GIVEN INFORMATION:
------------------------

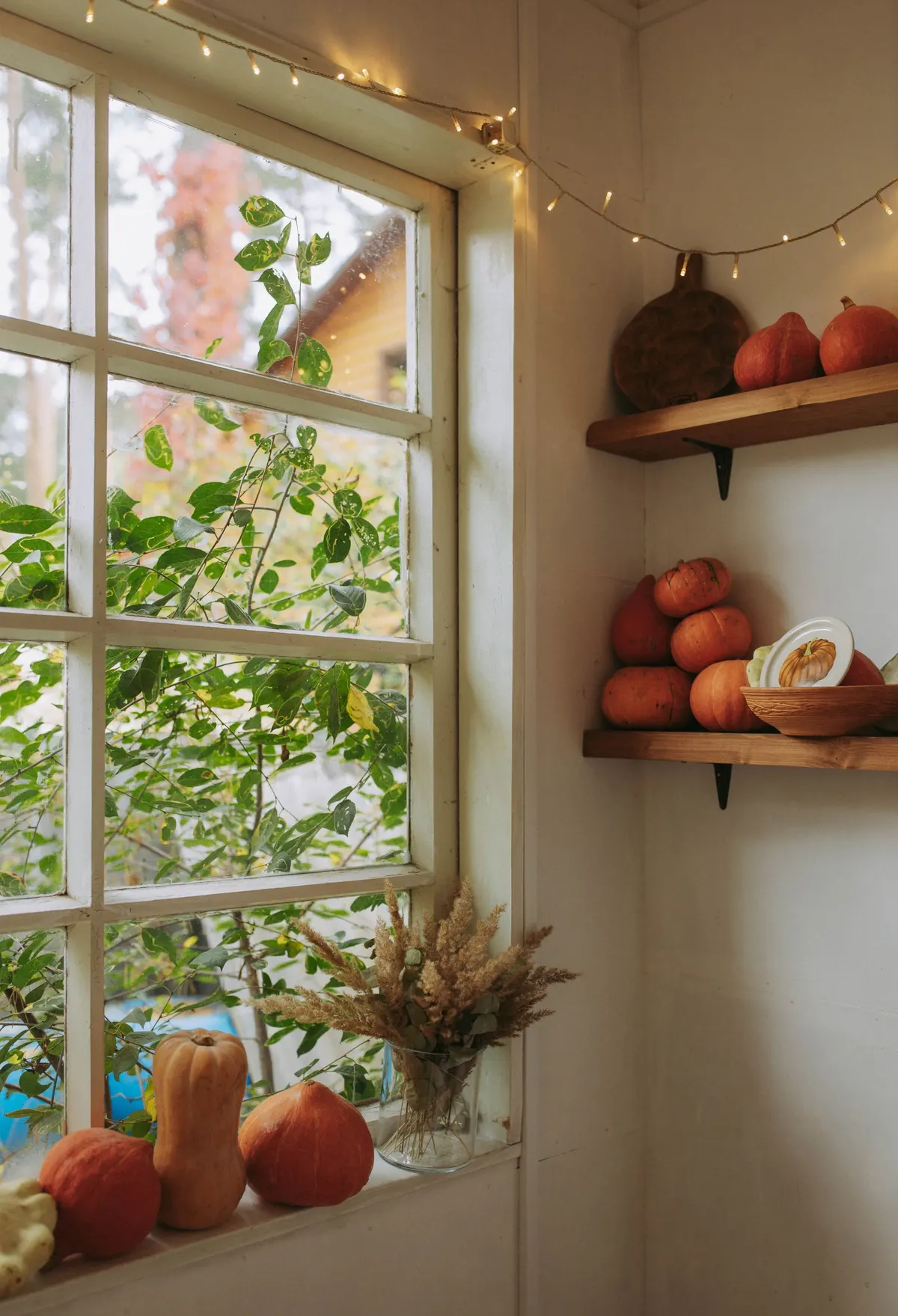 Two wooden shelves of orange squash and pale gourds beside a window with a wooden bowl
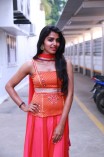 Dhanshika (aka) Actress Dhansika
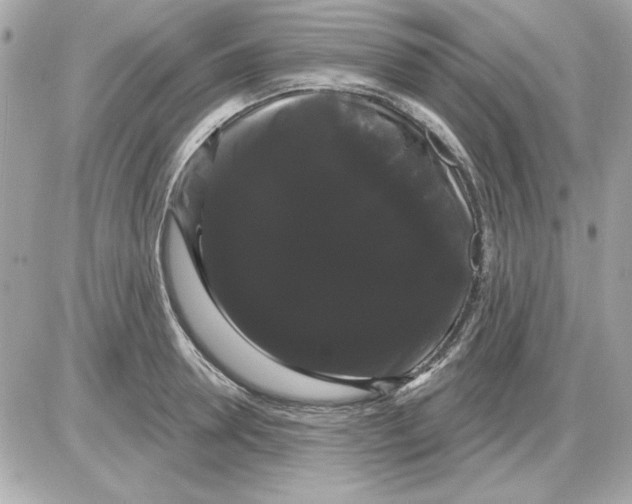 X0000085220946200704091928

------------------------

WHAT NEEDS TO BE DONE:
Please return exactly the lines from the one containing "Dhanshika (aka) Actress Dhansika" through the end of the material above, both ends included, but not the pictures.

WRITTEN SOLUTION:
 Dhanshika (aka) Actress Dhansika
 X0000085220946200704091928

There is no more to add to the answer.